Aipoly Puts Machine Vision In The Hands Of The Visually Impaired

It’s 3:30 am in the featureless Singularity University meeting room I’m peering into via Skype and I’ve just asked Marita Cheng to take a photo of the buttons on her co-founder, Alberto Rizzoli’s, shirt. It’s definitely one of the stranger requests I’ve made of tech founders, at any time of day, but the pair don’t bat an eyelid — and in half a minute a robotic voice pipes up from Cheng’s iPhone informing us that the shirt Rizzoli is wearing is called a Henley shirt.

That’s not all. The voice specifies that a brunette male is wearing a white Henley shirt. As tech demos go it’s pretty smooth. And I’ve learnt some bonus sartorial nomenclature. Not bad for a Monday morning (UK time). It may be the middle of the night in Silicon Valley but you’d hardly know it; Cheng and Rizzoli’s enthusiasm for what they’re building is demonstrably eclipsing their need for sleep. That and a looming demo day for which they’re busy prepping slides.

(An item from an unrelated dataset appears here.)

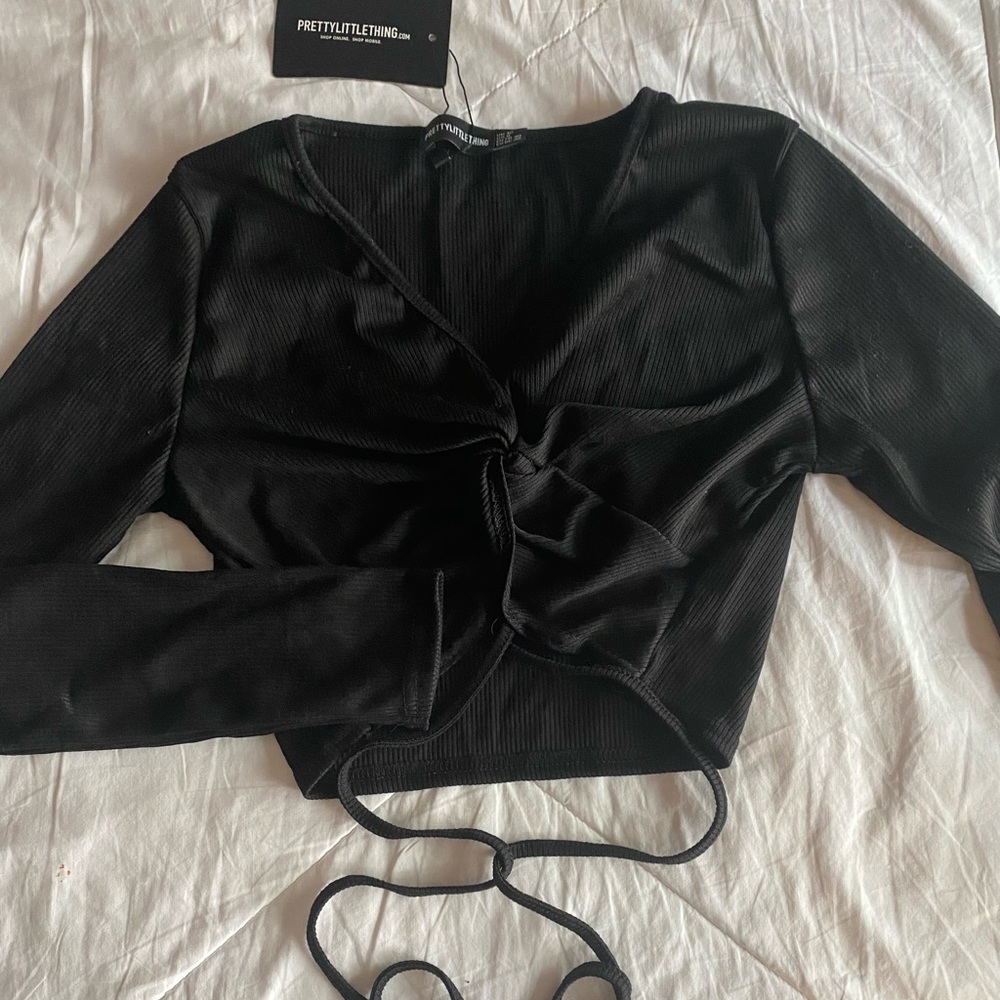 trendy black long sleeve crop top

Singularity University’s mission is all about applying “exponential technologies”, such as artificial intelligence and machine learning, to push boundaries to solve key challenges for humanity — albeit the margins of sleep are evidently the first to get rolled back by the intensity of the program’s focus. Hence some current students dubbing it ‘sleepless university’.

“Our dorms are 10 meters away from the classroom. It’s like a Singularity University bubble,” says Cheng, who’s from Australia and has a background in robotics coupled with tech education startups.

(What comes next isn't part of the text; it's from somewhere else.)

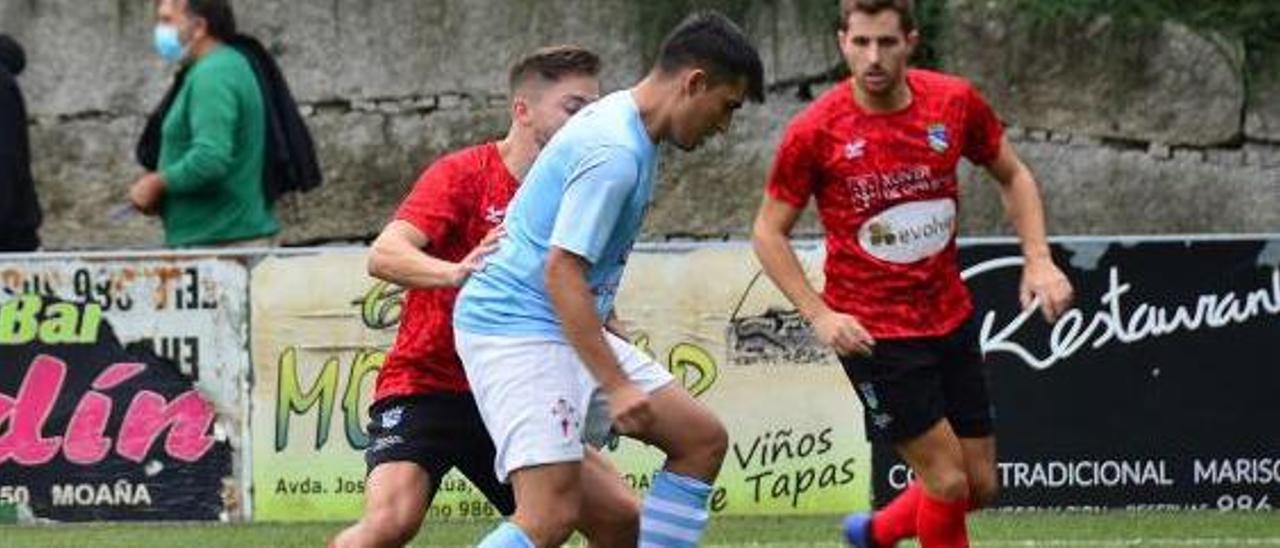 Disputa de balón en el choque contra el Valladares. | G.N.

“There’s no privacy,” adds Rizzoli, with a laugh. He moved over from London to attend the program. Prior to SU he founded a tech education 3D printing startup, among other entrepreneurial activity. “Everything is free. Everything is sponsored by Google. So we have the most relaxed lifestyle possible in our 4.30am work days,” he deadpans.

The pair are one of 27 teams formed on the SU’s 10-week Graduate Studies Program which will be pitching at demo day this Tuesday. Five teams will then be selected to present at the program’s closing ceremony on Thursday. All direct entry applicants to the program are being funded by Google this year and next.

So what are these two midnight-oil-burning entrepreneurs building? The iOS app they are demoing to me is called Aipoly — it’s due to land on the App Store in about a week (they’re in the midst of submitting it to the store when I Skype in). It’s an intelligent assistant app that uses computer vision and machine learning technologies to recognize what’s going on in photos.

Initially they are targeting it at blind and visually impaired people, to help them navigate or identify objects by taking a photo on their iPhone and getting an audio description in return — all without having to rely on asking anyone else to help them. The team has focused on developing on iOS first because of the platform’s existing accessibility features which make the device popular with their target users.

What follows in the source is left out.